# Need a Pants/bibs recommendation



## Donutz (May 12, 2010)

Burton has a 'relaxed' fit, and also sells 'short' cut bib pants. If you upsize the short cut, you'll get a wider fit. Although I don't squat quite that weight, I have a similar build--need more room around the hips and thighs than most.

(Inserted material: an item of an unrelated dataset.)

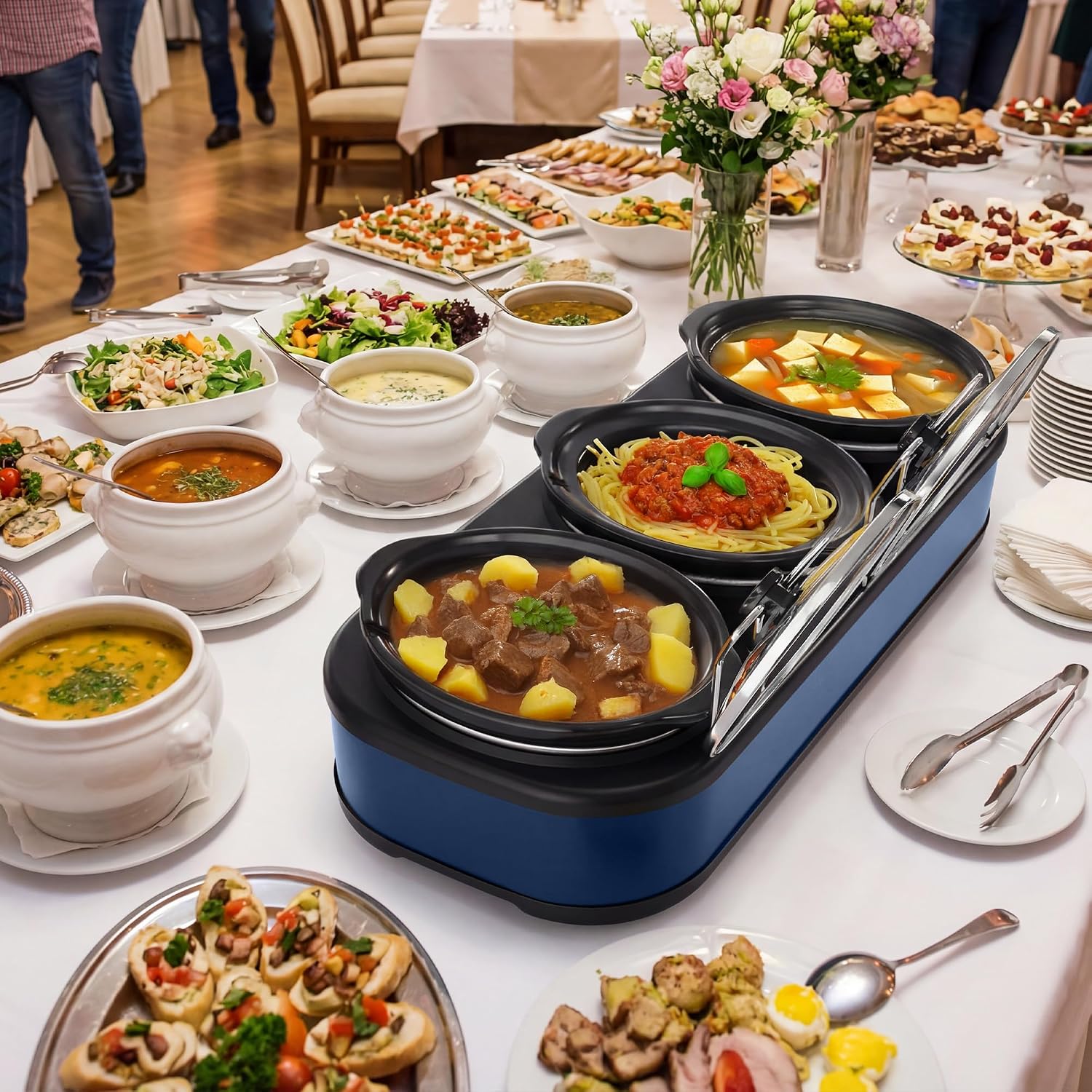 Triple Slow Cooker & Food Warmer, 3×1.5 QT Buffet Slow Cooker with Removable Ceramic Pots, PFAS-Free, 3 Temperature Settings, Dishwasher-Safe Glass Lids & Spoons for Parties Families, Blue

The only trouble is that this year, you're going to have trouble finding inventory. Burton was out of stock on a lot of stuff before they even hit the website.


----------



## JoeyOranges (Mar 9, 2011)

Check out Trew www.trewgear.com. I


----------



## Sudden_Death (Mar 23, 2011)

I just grabbed some L1 Huron bibs. They look like they have a generous cut and they are 4 way stretch but I will update once I try them 1st hand. Not linebacker build but 6ft, 190 with a larger thighs. I went XL as most large are a bit tight in the seat and thighs.


----------



## Kevington (Feb 8, 2018)

The Volcom Longo pants are really loose Gore Tex pants and can zip in to all Volcom jackets to more or less make a one piece suit.


----------



## Apex (Sep 23, 2021)

Flylow bibs are probably the best bet for him


----------



## elitts (Nov 29, 2021)

Thanks for the suggestions! I'll have him try on a few of those brands at the local ski shop to check the fit before I go hunting online.


----------



## toaster (Jun 12, 2021)

FlyLow Baker Bibs. 

Freeride fit. Multiple lengths available. The most durable bib available, hands down. The Toyota Tacoma of ski and snowboard bibs. He will have these for years.









Baker Bib


One of our most popular bib ski pants, the Baker Bib is built for skiers that demand the most of their gear. Great for a mix of inbounds and backcountry skiing.




flylowgear.com





Pants?









Chemical Pant


The Chemical Pant is a shell that combines classic styling with modern tech features, like articulated knees, waterproof zippers, ample thigh venting, and reinforced knees and cuffs.




flylowgear.com


----------



## Phedder (Sep 13, 2014)

3rd for Flylow Baker bibs. I had used Volcom Guide pants for years which also fit well but happy to have properly fitting bibs now. I'm a former competitive powerlifter and though I'm nowhere near as big as I used to be, the ass and thighs relative to my waist hasn't changed. Happy to compare measurements to help him determine best fit if needed also.


----------



## Jimi7 (Jan 14, 2020)

Luckily, most boarding gear is loose fitting. I too need pants bigger in the seat and thighs. My DC Banshees work well for me. I've always had problems with bibs being tight in the crotch/seat. I use "regular" pants with suspenders.


----------



## MrDavey2Shoes (Mar 5, 2018)

4th for Flylow Baker. They were too baggy for my short ass legs to not look silly on me. I'm on my second pair of Northface Ceptors which are a little more trim but maybe worth a look.


----------